DATA EXTRACT:
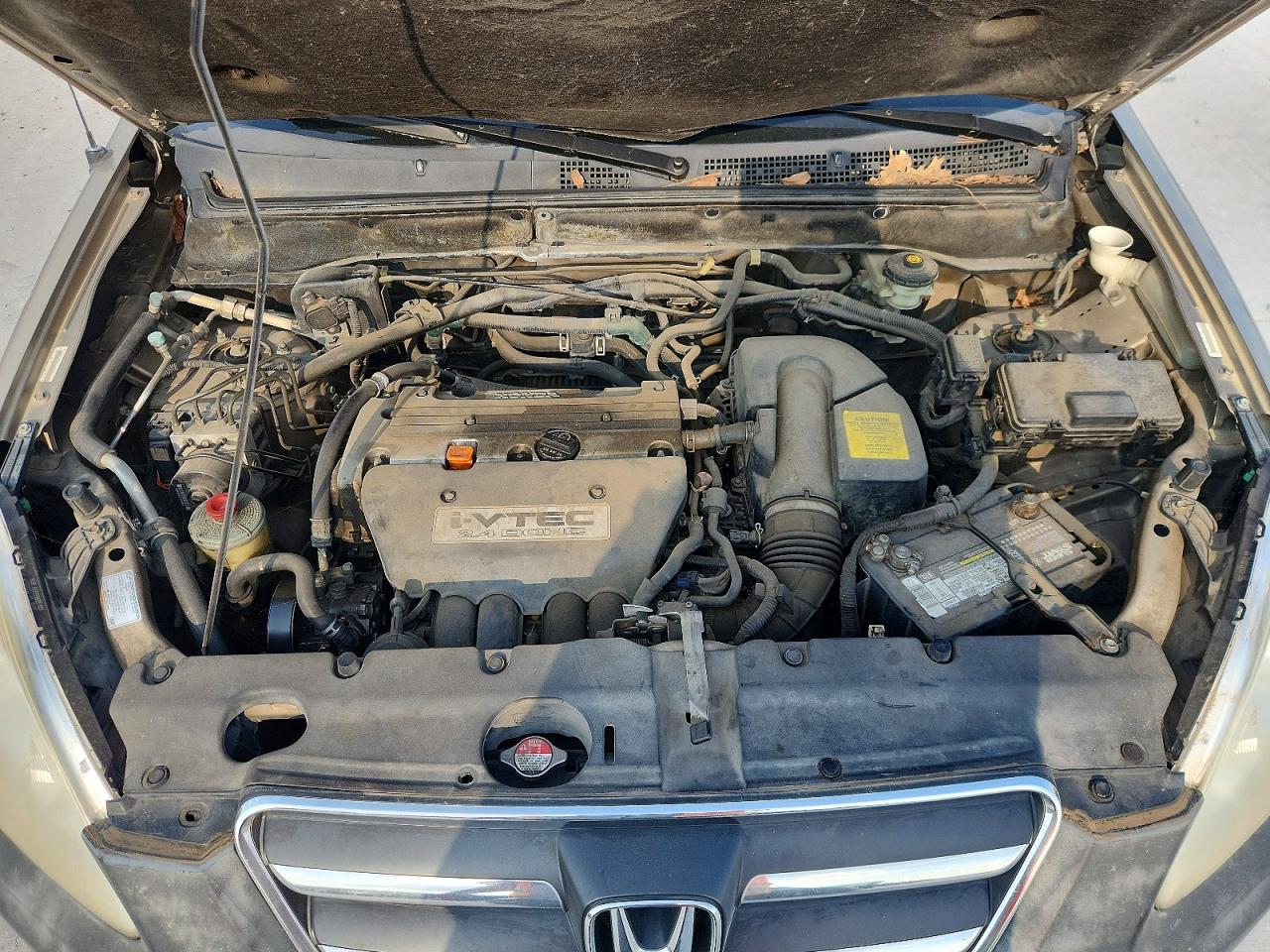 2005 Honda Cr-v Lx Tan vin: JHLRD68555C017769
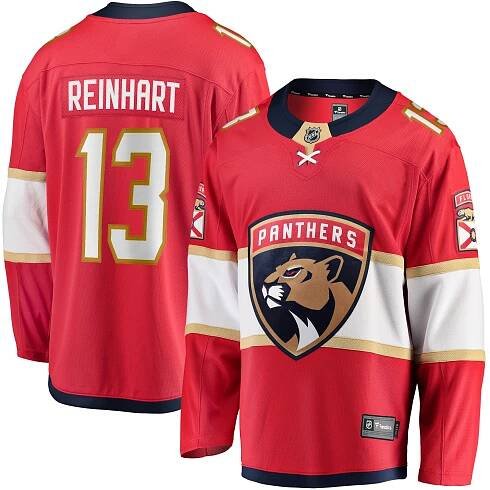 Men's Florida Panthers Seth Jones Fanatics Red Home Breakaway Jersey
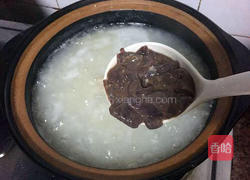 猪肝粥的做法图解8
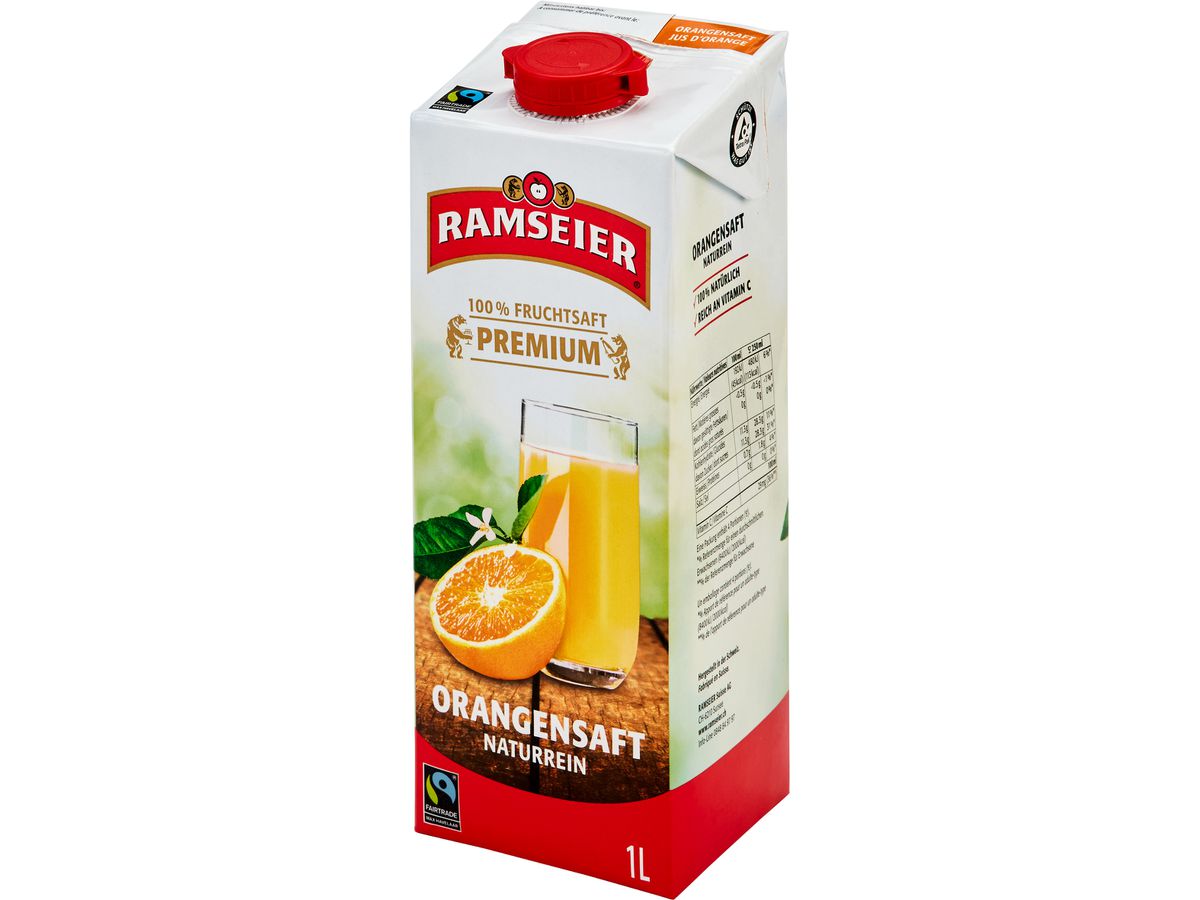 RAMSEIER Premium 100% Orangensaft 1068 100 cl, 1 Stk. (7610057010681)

TO DO: Produce a verbatim copy of the listing, leaving out all pictures.

TASK OUTPUT:
 2005 Honda Cr-v Lx Tan vin: JHLRD68555C017769
 Men's Florida Panthers Seth Jones Fanatics Red Home Breakaway Jersey
 猪肝粥的做法图解8
 RAMSEIER Premium 100% Orangensaft 1068 100 cl, 1 Stk. (7610057010681)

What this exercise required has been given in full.